Our brains are constantly receiving and processing interoceptive signals from the body, which arise in the internal organs as they report their functional states (e.g., blood pressure, the contraction of the heart or the inflation of the lung). Our lab is interested in understanding how interoceptive signals influence emotions, the way we make decisions, or process information. To isolate these signals, we take advantage of drugs that change body physiology (for example increasing heart rate) without directly changing brain physiology.
Our animals also perform an approach-avoidance conflict task, where they weigh the desirability of rewards against the costs to obtain them. Thus far, we reported that animals are less willing to tolerate negative stimuli in exchange for rewards when a drug shifts body physiology toward a sympathetic-dominated state (i.e., increased heart rate).
Future work will include evaluating the neural mechanisms by which interoceptive signals bias decision making, evaluating how interoceptive signals alter social decisions, and the neural representation of social context.
Why does a caress from a trusted partner feel so good?
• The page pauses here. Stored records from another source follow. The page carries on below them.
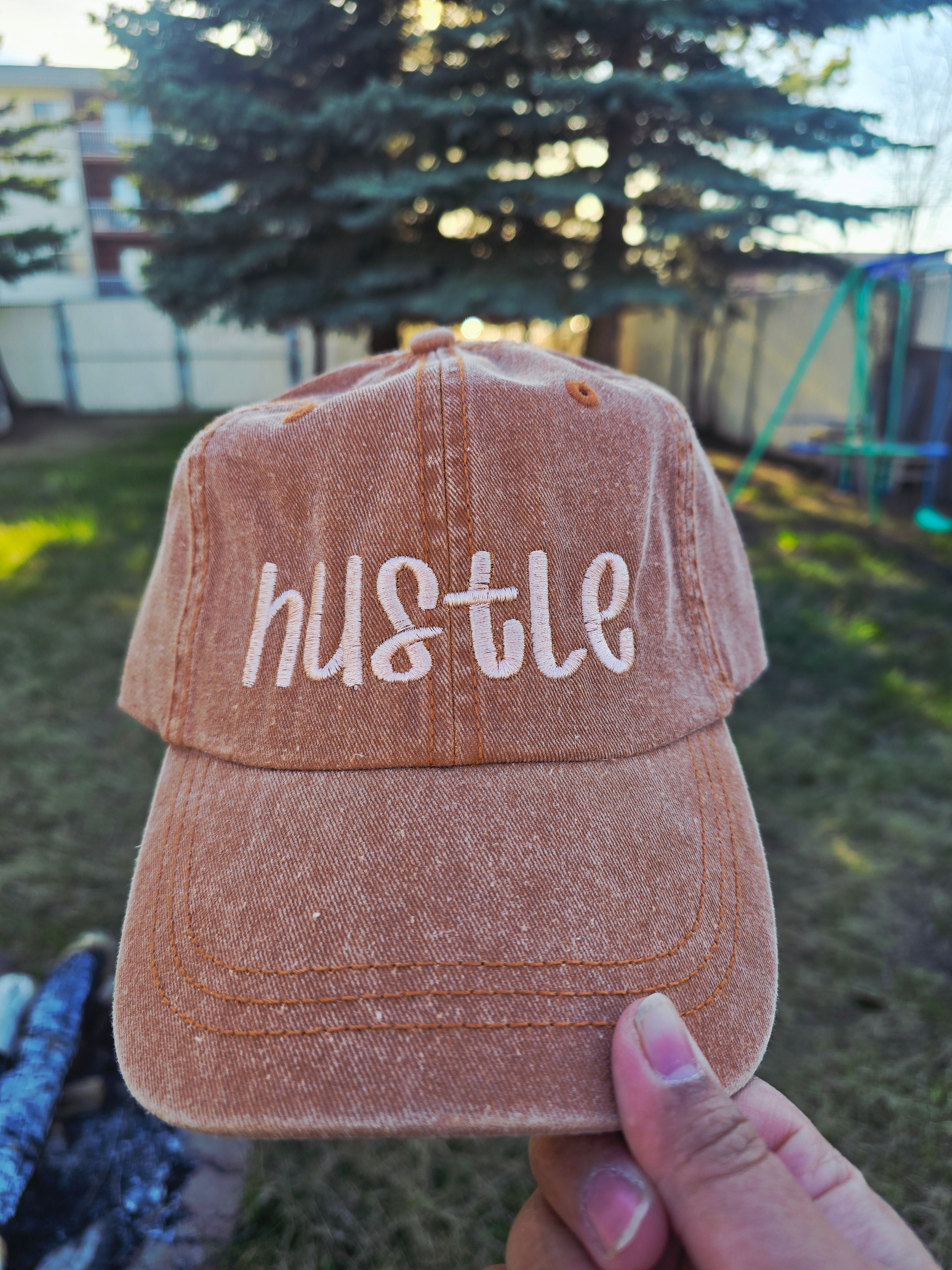 Personalized Embroidered Dad Hats - Vintage washed cap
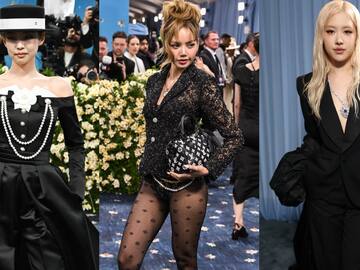 Jennie, Lisa y Rosé de BLACKPINK deslumbran en la Met Gala 2025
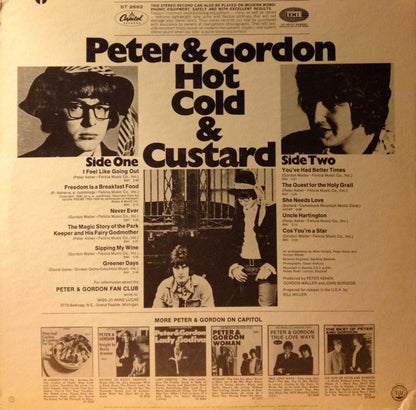 Peter & Gordon : Hot Cold & Custard (LP,Album)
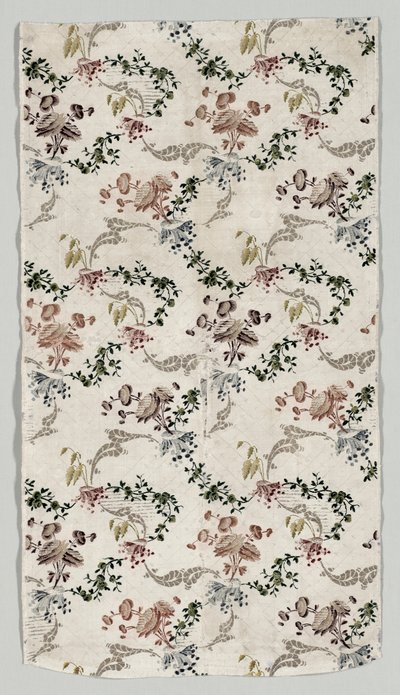 Stuk brokaatzijde, 1723-1774 door Jean Baptiste Pillement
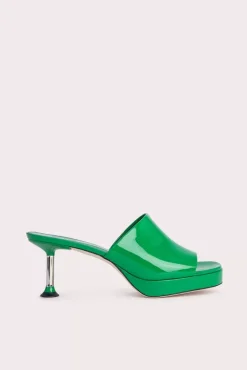Cala Green Patent Leather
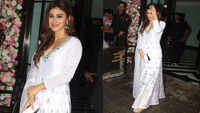 Ganesh Chaturthi: Mouni Roy sparkles in silvery white Anarkali at Salman Khan's sister Arpita’s residence 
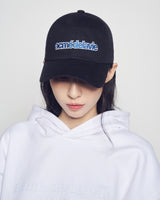 26SS TWO COLOR EMBROIDERY BASIC BALL CAP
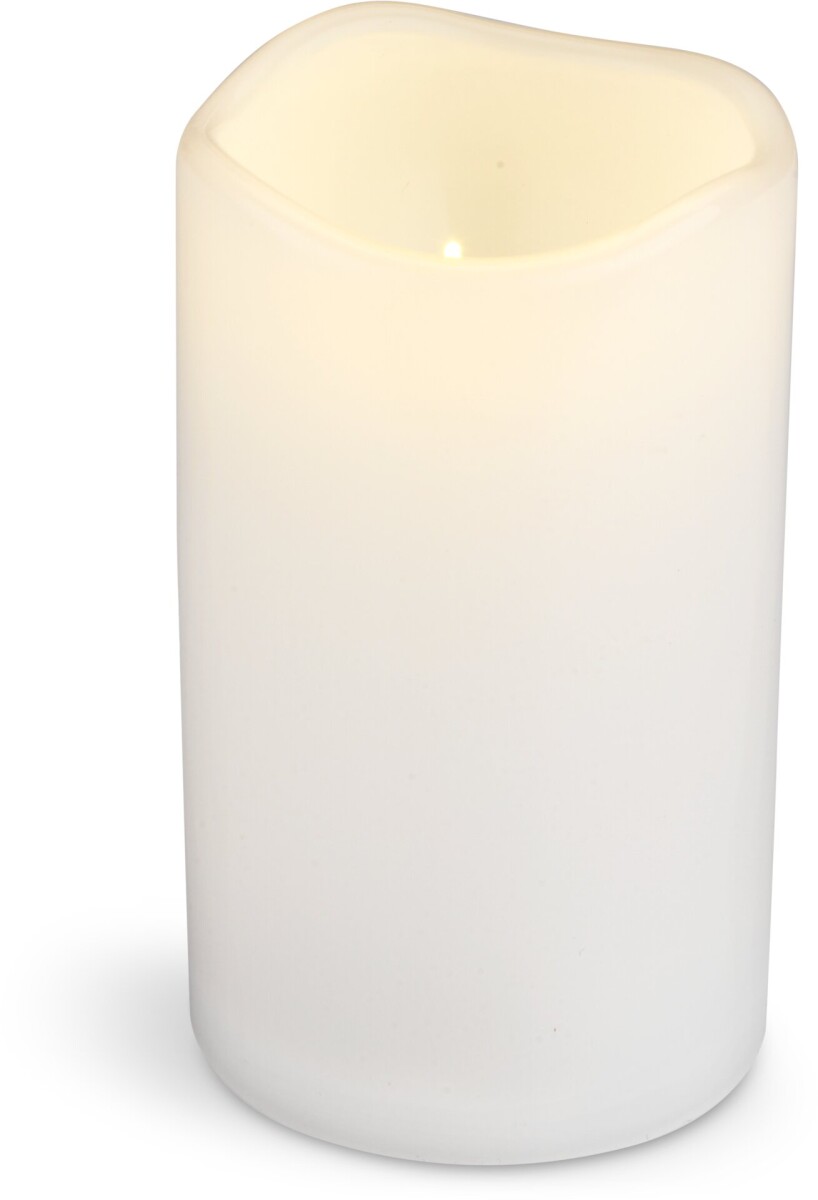 Vela pilar LED SOREN Ø8xA10cm blanco 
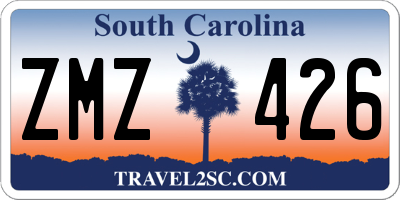 SC license plate ZMZ426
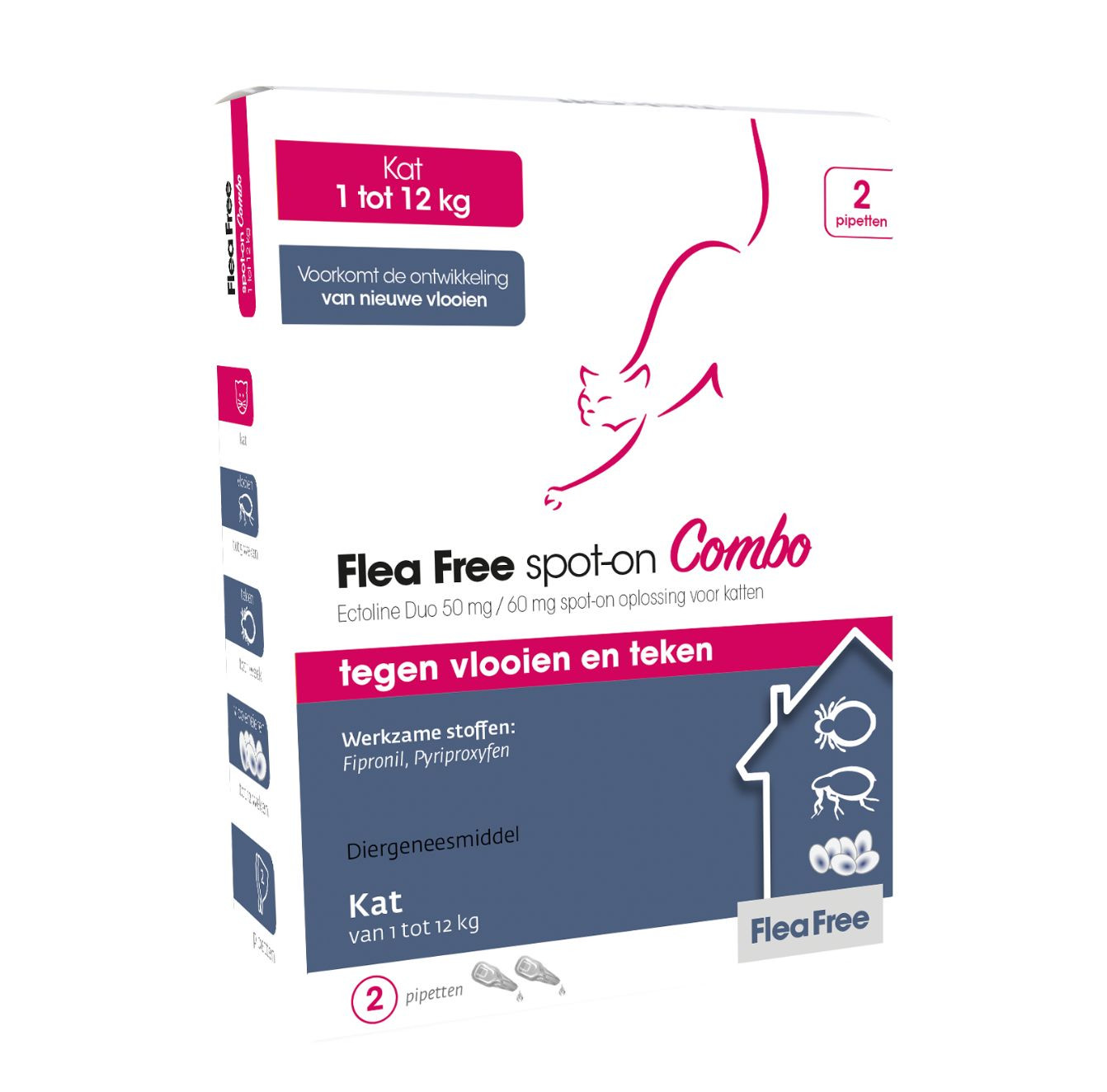 Flea Free Spot-On Combo Katze 4 Pipetten von Flea Free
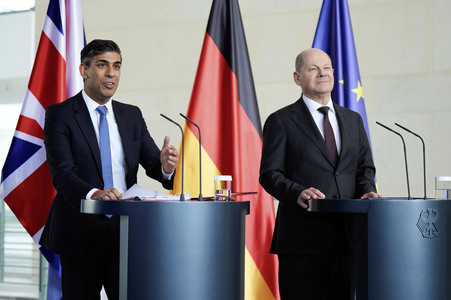 Empfang des Premierministers des Vereinigten Königreichs in Berlin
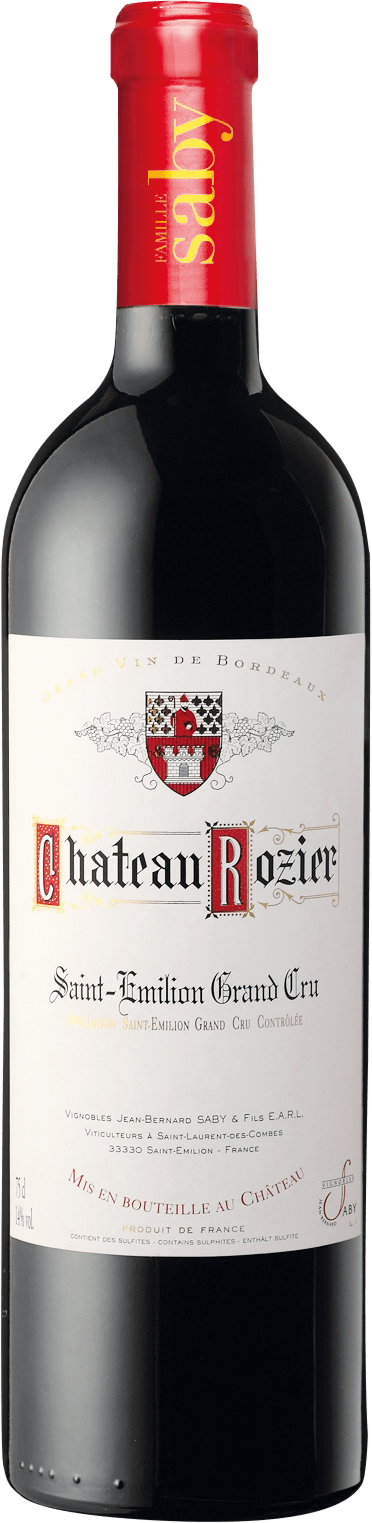 Château Rozier Grand Cru Saint Émilion - 2022 Château Rozier Grand Cru Saint Émilion - 2022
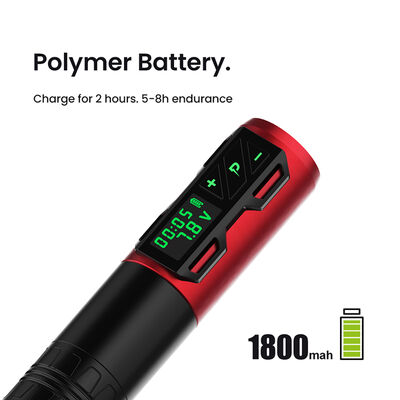 Digital Rotary Battery Coreless Tattoo Gun Tattoo Pen 1800 Mah Wireless Tattoo Machine leverancier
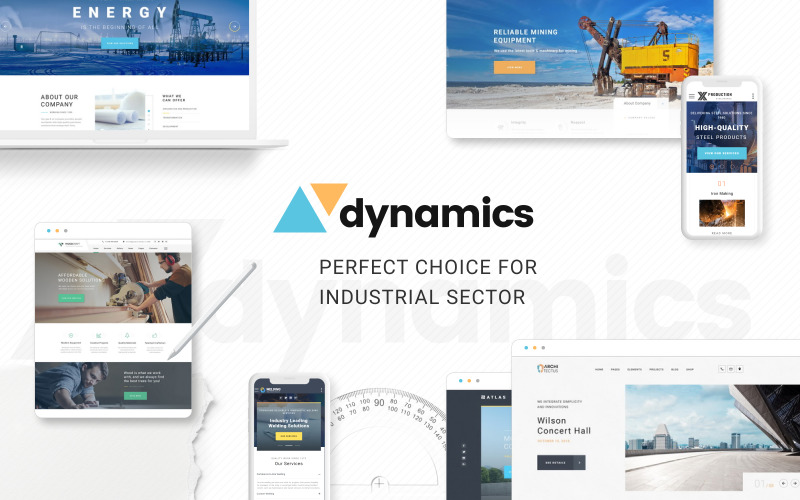 Dynamics - Industrial Multipage HTML5 Website Template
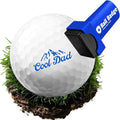Ball Badge - Golf Ball Stamp (The Icon Series), Golf Ball Marker, Reusable Golf Ball Marking Tool to Identify Golf Balls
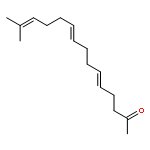 5,9,13-Pentadecatrien-2-one, 14-methyl-, (5E,9E)-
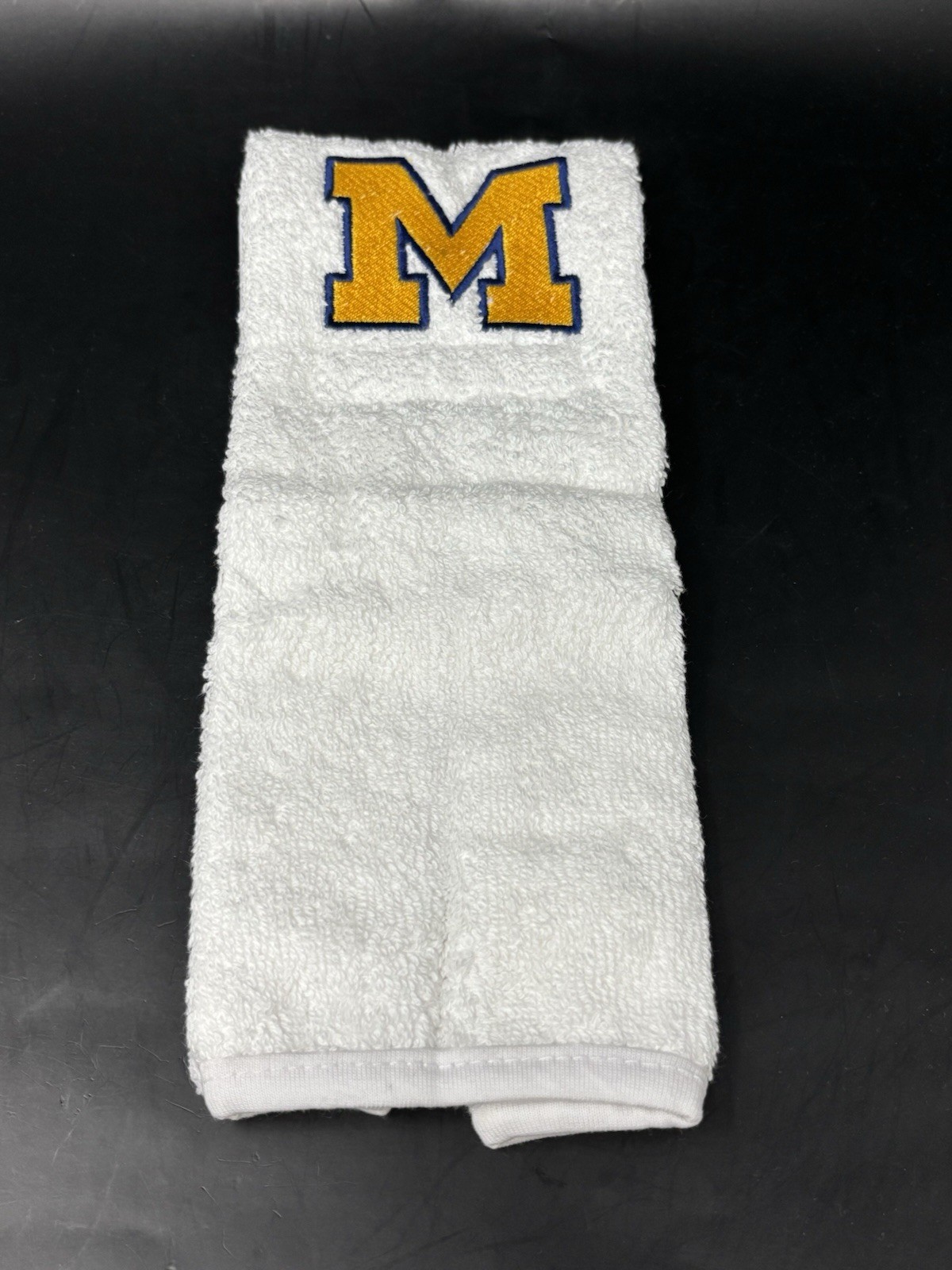 Michigan Wolverines College Football QB Game Towel White Cotton New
Our attempt to answer this question rests on the premise that touch stimuli received by the somatosensory cortex acquire affective (emotional) salience when they reach the amygdala.
To test this hypothesis, monkeys received innocuous air puffs and gentle grooming-like touch while we monitored their heart rate and neural activity in the somatosensory cortex and the amygdala. When monkeys are groomed by a trusted partner, they stop paying attention to the outside stimuli.
This may explain our finding that grooming stimuli, unlike the air puffs, fail to activate the touch-responsive neurons in the amygdala. It appears that the predictability of stimuli and the recipient's autonomic state contribute to 'gating' neural responses to affective touch in the amygdala.
Primate adolescence is a period of drastic changes in body, brain, and behavior. How do these three aspects of adolescence play together to support the transition to adult-like self-sufficiency and social maturation? To answer this question, we will examine the functional connectivity between the amygdala and prefrontal cortex, an area associated with social cognition that continues developing through adolescence.
We are monitoring macaques from pre-adolescence to adulthood through MRI, hormonal measures, behavioral performance, and electrophysiological recordings. We will compare physiological measures, reward valuation, and prosocial behavior at different stages of development.
As the animals approach adulthood we expect the emergence of cognitive control that resets the directional connectivity between the amygdala and the prefrontal cortex.
This project rests on the premise that in hierarchical societies the rank, or social status, of an individual is a unique identifier, akin to physical appearance, sex, or age.
The first objective of this project is to demonstrate that monkeys can learn the status of previously unfamiliar individuals by watching videos of pairwise interactions among the members of a virtual hierarchy. The next step is to determine whether the subject monkey can be included in this virtual social hierarchy. Once the status of others and of the self is learned, we can change the interactions to induce a rise or fall in the status of select individuals.
We expect that the amygdala and the medial prefrontal cortex will respond to experimental manipulation of social status, whether it pertains to the self or to others.